Caught Between Worlds

Boice was disturbed at what he was seeing during the last years of his life. He believed that American morality, families and schools were in rapid decline, and that evangelicals had fared poorly in relating to culture to the point of being negligible (xi–xii). However, Christians mustn’t react by adopting extremes: either withdrawing completely from society (because that changes nothing), adopting liberal Christianity (because that surrenders to the world) or pursuing Christian nationalism (building another worldly kingdom destined to fail) (102–105).

Boice argues that Christians are citizens of both cities, and therefore must exhibit a measure of both “responsibility and realism” (114). We are to work responsibly for the world’s improvement, but at the same time expect realistically that this world will continue to be sinful and corrupted until Christ’s return. That means participating in secular life rather than shooting from “the sidelines at secular people and at what secular people are doing” (114).

Boice draws on American theologian Michael Horton’s Beyond Culture Wars (1994) when he strongly states that evangelicals currently offer little in cultural battles:

first, because they have not participated in culture enough for their views about it to be taken seriously, and second, because they do not know the Bible or their own theology well enough to be able to give a distinctly Christian contribution if they did. (115)

The Rediscovered World

The stakes are high. Abandonment of biblical Christianity in some quarters has only produced a “pitiful state of uncertainty and insecurity in church leaders” (107). “People are not attracted to a church that does not know what it believes” (108). Imposing our own moral code on others, criminalising sinful behaviour and creating nice ghettos for ourselves is only going to backfire, Boice believes (123).

In other words, the city of God is in danger of having little impact on the city of man. Boice calls today’s church to embody six principles characteristic by John 17—joy, holiness, truth, mission, unity, and love. Too much emphasis in the modern church is on growing attendances, political structures and laws. Jesus, however, was focussed on the glorification of God, and the character and conduct of those by whom God would be glorified (173–174). People who live in the city of God cannot withdraw from the culture and expect the culture to change.

New World Order

The revised edition of Two Cities, Two Loves is easy to digest, with incredible riches in every chapter—too many to explore here. However, some clangers have made it through including this one: “[Emperor] Constantine had converted to Christianity after his victory at the Milvian Bridge in 312BC” (xiv). That’s some feat, considering Jesus hadn’t been born, the Roman Empire hadn’t been founded, and the Milvian Bridge didn’t exist. Nitpicking, yes? But this is a revised edition.

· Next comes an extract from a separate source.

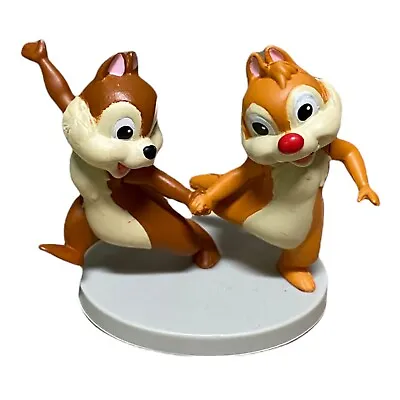 Disney Mickey Mouse Chip & Dale PVC Cake Topper Figure Figurine 2.5” Chipmunks • $12.99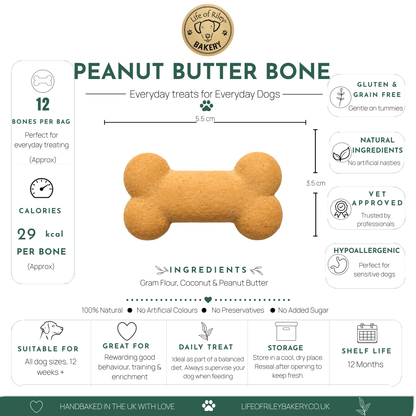 Peanut Butter Bones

There’s also the assertion that in Mark 4:35–41, Satan tries to destroy Jesus with the storm on the Sea of Galilee, forcing Jesus to rebuke it (7). Some commentators run with that line, but Scripture such as Psalm 135:7 makes it clear that God has global control of the weather. The point here is exactly what the disciples declare: “Who then is this, that even the wind and the sea obey him?” (Mk 4:41). Jesus is God. He is in control.

Lastly, for such a big picture work with timeless truths, it’s incredibly American-centric. The revision needed to trim some of the unnecessary references, which would have only strengthened it and made it more pressing for the city of God at large.